It is on this foundation of naturalism that I build, and this is part of the reason I call myself a Humanist. My joy for living comes from accepting life on its own terms -- not on the terms of the supernatural. I enjoy life -- I revel in it. I cozy under trees, reading good books and letting the grass caress my fingers while I listen to the wind blow through the trees and the birds sing, and the sheer enjoyment of it all can stop my heart and bring tears to my eyes. I believe in just being happy, in "letting the soft animal of [my] body love what it loves."* This means for me living in accordance with nature: nature is both a beginning and a direction. My natural "center" is reason and empathy -- or more broadly, reason and emotion. I think these two attributes are the essence of human nature. We are intelligent creatures who can use reason to ponder philosophical questions and do things with purpose, and we are emotional creatures, evolved to live in social groups. We experience emotions while living life in our communities, and ideally we would use those emotions reasonable to create ways of living that make us happy (or at least help us survive). This is the beginning of law -- indeed, of most every aspect of civilization.
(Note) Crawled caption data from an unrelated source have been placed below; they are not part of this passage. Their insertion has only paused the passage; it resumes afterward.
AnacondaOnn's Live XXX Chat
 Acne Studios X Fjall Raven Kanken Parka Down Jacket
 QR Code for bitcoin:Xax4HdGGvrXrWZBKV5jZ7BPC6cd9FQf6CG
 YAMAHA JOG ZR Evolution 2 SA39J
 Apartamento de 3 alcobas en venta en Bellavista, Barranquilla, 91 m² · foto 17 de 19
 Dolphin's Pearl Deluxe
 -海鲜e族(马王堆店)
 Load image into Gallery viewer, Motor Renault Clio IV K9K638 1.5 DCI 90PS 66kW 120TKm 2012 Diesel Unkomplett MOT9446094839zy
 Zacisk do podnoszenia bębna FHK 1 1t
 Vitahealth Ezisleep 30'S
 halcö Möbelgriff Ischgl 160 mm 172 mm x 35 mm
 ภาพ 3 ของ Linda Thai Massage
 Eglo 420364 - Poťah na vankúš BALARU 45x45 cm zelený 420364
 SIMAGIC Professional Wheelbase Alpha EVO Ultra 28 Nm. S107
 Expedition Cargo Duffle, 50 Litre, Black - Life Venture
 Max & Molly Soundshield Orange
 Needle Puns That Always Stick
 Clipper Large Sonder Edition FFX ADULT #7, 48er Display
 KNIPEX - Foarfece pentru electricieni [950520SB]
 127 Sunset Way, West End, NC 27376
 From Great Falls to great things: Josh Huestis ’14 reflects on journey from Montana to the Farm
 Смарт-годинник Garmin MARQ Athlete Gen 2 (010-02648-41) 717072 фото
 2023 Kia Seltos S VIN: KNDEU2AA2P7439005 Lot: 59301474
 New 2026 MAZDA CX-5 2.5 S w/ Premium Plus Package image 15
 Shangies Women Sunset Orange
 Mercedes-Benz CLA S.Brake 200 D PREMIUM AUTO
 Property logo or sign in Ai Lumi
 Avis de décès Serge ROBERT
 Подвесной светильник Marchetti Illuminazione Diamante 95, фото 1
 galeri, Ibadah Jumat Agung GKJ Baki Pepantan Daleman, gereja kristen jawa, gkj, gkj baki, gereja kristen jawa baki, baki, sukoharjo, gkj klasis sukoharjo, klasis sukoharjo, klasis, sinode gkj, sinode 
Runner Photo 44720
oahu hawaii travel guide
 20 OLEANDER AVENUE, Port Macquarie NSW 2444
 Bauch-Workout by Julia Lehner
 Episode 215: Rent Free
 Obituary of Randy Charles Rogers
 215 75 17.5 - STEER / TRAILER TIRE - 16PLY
I labor to live according to my nature: I practice freethought or skepticism, and I try to connect to other people in whatever ways I can -- in spending time with friends, or reading literature and connecting to people who have been dead for centuries. "Cultivation" is a word I like to use in reference to spirituality: I see my life as a flower, a bird of paradise perhaps, that must have good soil and a reliable source of sunlight and water if it is to flourish. I need to stimulate my mind and emotions to grow -- and I need to live within their bounds. A flower only needs so much heat or water: too much will scorch it or drown it respectively. This is what I was trying to get at in my first essay: a life lived with empathy and reason, with sunlight and water, leads inevitably to human flourishing, to eudaimonia, to "invincible happiness".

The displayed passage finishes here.